The US Air Force Special Operations Command has grounded its fleet of 52 CV-22 Osprey rotorcraft indefinitely due to the recent series of incidents involving the aircraft.
The service will use the stand-down to examine the issue of hard clutch engagement on the aircraft, which has been slipping for a yet-to-be determined reason.
“At this point, there have been no injuries or deaths, due in large part to the skill and professionalism of our Air Commandos who operate the CV-22,” Lt. Col. Rebecca Heyse, director of US Air Force Special Operations Command Public Affairs, said. “The safety of our Airmen is of the utmost importance, therefore no AFSOC CV-22s will fly until we determine the cause of the hard clutch engagements and risk control measures are put in place.”
“Since 2017 there have been four incidents involving hard clutch engagement during flight, with two occurring in the past six weeks,” Heyse added.
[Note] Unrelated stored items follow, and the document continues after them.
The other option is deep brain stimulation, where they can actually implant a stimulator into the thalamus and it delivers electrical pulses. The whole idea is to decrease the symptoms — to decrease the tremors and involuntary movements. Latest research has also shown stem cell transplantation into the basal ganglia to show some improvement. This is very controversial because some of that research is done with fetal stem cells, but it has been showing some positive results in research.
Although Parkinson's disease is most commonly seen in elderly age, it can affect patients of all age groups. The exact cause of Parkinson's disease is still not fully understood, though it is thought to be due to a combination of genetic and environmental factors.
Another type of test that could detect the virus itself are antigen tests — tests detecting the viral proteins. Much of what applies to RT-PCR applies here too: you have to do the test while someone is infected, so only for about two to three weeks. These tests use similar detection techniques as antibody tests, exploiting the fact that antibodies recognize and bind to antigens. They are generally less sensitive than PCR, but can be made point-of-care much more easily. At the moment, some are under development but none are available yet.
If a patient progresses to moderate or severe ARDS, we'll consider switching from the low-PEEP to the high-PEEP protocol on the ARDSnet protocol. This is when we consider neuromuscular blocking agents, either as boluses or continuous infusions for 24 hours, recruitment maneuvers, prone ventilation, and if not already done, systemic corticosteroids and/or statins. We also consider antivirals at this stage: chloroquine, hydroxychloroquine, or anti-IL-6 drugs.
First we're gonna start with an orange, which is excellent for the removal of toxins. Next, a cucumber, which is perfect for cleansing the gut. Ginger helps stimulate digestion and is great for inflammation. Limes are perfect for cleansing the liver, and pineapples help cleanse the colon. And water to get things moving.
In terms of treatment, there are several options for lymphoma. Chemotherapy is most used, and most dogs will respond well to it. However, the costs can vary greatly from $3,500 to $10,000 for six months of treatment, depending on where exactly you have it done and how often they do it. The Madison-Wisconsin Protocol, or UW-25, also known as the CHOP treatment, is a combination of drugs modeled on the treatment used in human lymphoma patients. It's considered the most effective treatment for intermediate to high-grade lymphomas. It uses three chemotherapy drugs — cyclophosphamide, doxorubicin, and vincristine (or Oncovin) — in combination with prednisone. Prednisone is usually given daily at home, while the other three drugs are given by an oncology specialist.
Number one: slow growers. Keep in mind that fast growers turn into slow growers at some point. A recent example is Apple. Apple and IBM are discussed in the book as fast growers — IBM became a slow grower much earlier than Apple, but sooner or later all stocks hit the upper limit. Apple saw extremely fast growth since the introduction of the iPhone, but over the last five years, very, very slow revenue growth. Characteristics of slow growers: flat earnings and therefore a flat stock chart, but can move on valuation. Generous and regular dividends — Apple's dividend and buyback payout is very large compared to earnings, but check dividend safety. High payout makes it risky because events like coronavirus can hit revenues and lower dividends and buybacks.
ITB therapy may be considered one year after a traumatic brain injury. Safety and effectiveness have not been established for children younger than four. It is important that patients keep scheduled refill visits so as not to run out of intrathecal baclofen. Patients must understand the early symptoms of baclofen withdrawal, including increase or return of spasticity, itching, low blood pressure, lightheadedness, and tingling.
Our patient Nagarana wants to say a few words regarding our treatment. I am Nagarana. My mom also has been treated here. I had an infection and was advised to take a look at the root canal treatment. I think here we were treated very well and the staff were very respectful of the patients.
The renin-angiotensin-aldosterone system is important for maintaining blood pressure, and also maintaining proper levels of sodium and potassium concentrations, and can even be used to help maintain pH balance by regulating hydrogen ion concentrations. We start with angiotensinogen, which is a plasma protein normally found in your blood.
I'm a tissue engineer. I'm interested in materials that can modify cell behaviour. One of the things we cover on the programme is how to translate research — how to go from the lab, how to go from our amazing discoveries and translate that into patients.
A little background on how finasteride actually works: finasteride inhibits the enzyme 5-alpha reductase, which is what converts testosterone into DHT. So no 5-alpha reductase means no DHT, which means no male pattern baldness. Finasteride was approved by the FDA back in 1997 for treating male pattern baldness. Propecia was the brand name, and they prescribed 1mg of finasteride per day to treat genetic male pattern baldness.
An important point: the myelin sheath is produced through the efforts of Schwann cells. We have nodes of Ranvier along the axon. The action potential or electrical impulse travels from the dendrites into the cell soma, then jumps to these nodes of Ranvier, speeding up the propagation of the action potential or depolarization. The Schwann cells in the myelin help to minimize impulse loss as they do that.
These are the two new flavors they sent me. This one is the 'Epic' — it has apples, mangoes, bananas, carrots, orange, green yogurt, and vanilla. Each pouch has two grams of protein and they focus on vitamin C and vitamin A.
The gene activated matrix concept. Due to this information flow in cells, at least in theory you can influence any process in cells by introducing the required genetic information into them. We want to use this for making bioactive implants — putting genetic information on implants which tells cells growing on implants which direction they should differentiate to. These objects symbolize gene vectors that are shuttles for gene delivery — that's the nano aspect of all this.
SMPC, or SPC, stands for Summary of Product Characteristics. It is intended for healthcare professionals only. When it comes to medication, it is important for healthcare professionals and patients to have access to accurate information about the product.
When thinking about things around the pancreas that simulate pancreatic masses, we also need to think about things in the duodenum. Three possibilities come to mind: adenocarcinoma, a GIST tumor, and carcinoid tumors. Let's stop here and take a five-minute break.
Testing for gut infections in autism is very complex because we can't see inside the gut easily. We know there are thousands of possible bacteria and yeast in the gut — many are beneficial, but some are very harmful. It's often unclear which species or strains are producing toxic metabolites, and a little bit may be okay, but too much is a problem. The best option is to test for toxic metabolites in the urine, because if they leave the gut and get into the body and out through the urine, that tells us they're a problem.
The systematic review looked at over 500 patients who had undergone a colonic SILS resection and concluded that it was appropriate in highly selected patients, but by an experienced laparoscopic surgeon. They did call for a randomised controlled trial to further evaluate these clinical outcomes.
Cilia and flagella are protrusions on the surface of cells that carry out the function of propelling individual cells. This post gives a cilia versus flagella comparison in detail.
These two crashes resulted in the deaths of nine US Marines. The first crash occurred in March, when a US Marine Corps Osprey crashed near Bodo, Norway, during exercise Cold Response. The second one took place in June, with five Marines losing their lives as the aircraft crashed near Glamis, California.
Following the crash in California, the navy ordered a “safety pause” to review risk-management practices and conduct training on threat and error-management processes.
The US Navy will continue to fly its CMV-22 Osprey (which is serving as the navy’s new carrier on board delivery COD aircraft), but the service said it was “aware of the issues affecting the US Air Force CV-22 fleet and are closely monitoring our CMV-22 aircraft for similar occurrences.”
The news of the clutch issues in the Osprey fleet come after an ejector seat problem forced the US Air Force to ground its fleet of F-35A aircraft. The same issue affected some navy variants of the F-35, as well as the F/A-18B/C/D Hornet and F/A-18E/F Super Hornet fighters, E/A-18G Growlers, and T-45 Goshawk and F-5 Tiger II trainers.